__YOUR GOAL__
Repeat every record exactly, but keep images out of the copy.

DATA EXTRACT Block Start

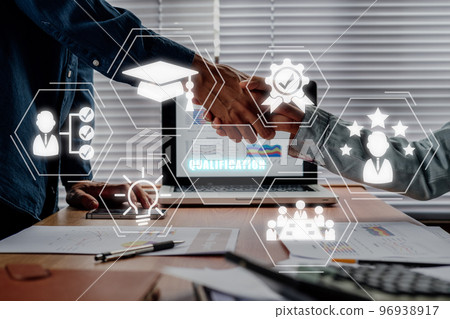 Qualification concept, business partnership handshaking after perfect deal with qualification icon on virtual screen. 96938917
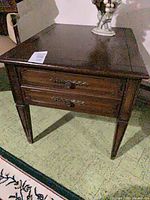 Front view of one end table showing drawers and tapered legs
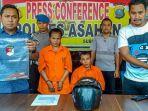 kapolres-asahan-akbp-faisal-napitupulu-kiri-menunjukkan-barang.jpg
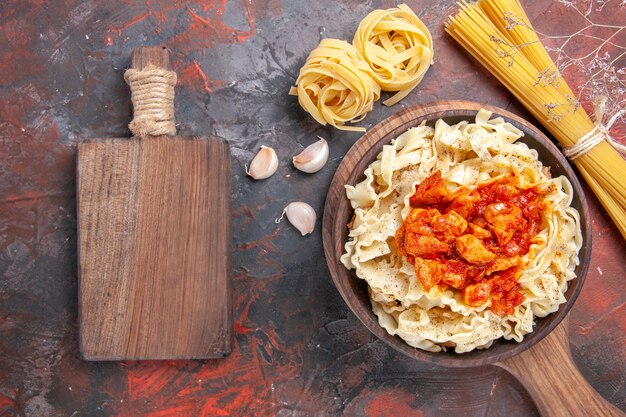 Free photo top view chicken with dough pasta dish on dark floor dark pasta dish dough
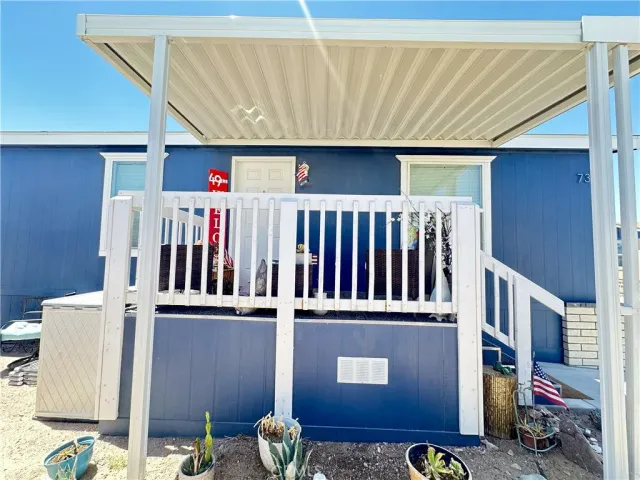 a view of a livingroom with furniture and staircase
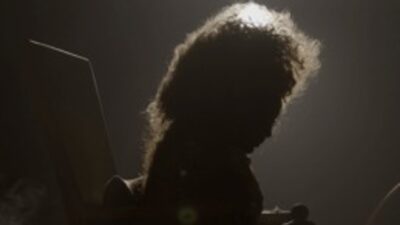 Imagem do documentário Elza mostra a silhueta de uma mulher com cabelos volumosos, iluminada por trás, em um ambiente escuro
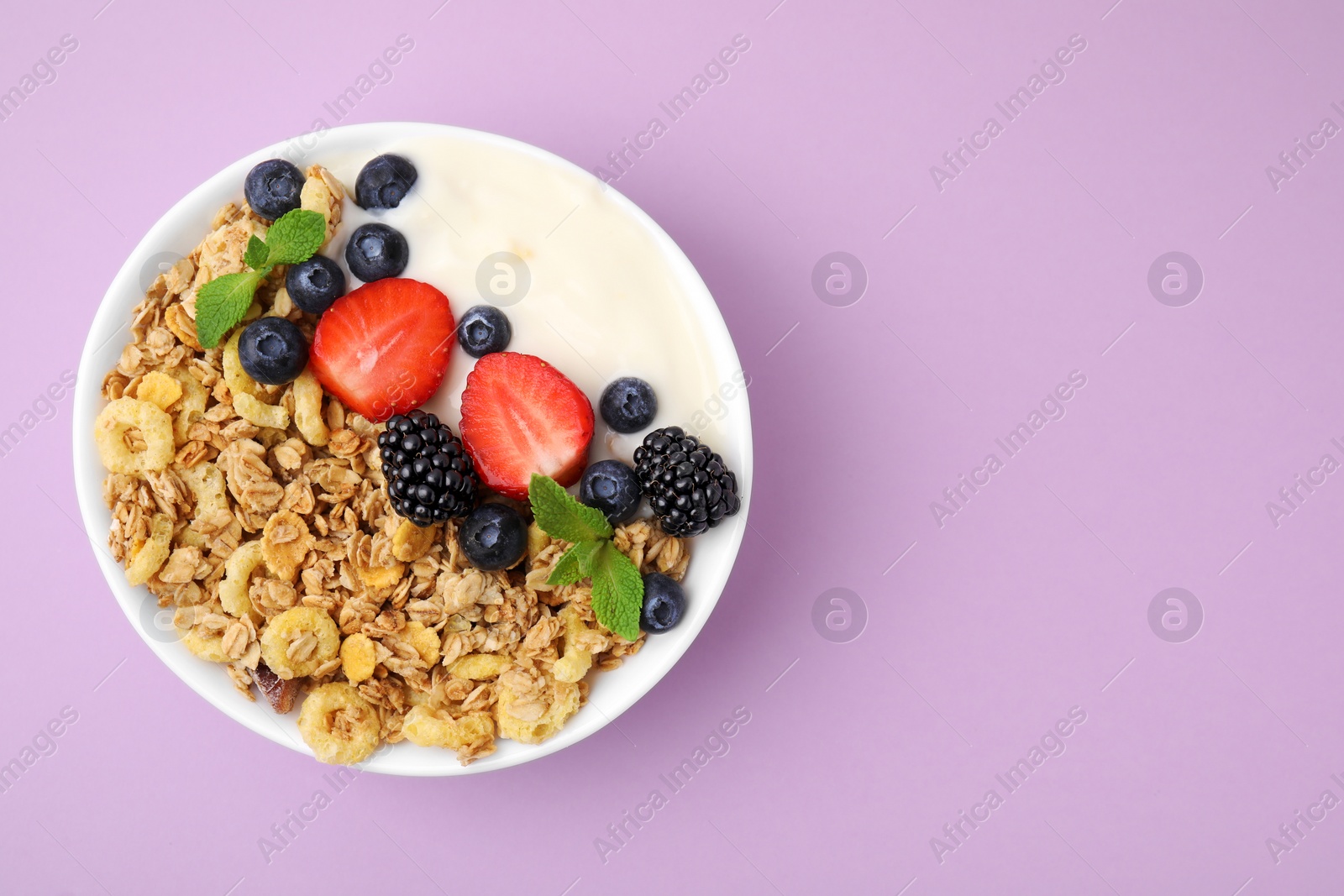 Photo of Tasty oatmeal, yogurt and fresh berries in bowl on lilac background, top view with space for text. Healthy breakfast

DATA EXTRACT Block End

__TASK RESPONSE__
 Qualification concept, business partnership handshaking after perfect deal with qualification icon on virtual screen. 96938917
 Front view of one end table showing drawers and tapered legs
 kapolres-asahan-akbp-faisal-napitupulu-kiri-menunjukkan-barang.jpg
 Free photo top view chicken with dough pasta dish on dark floor dark pasta dish dough
 a view of a livingroom with furniture and staircase
 Imagem do documentário Elza mostra a silhueta de uma mulher com cabelos volumosos, iluminada por trás, em um ambiente escuro
 Photo of Tasty oatmeal, yogurt and fresh berries in bowl on lilac background, top view with space for text. Healthy breakfast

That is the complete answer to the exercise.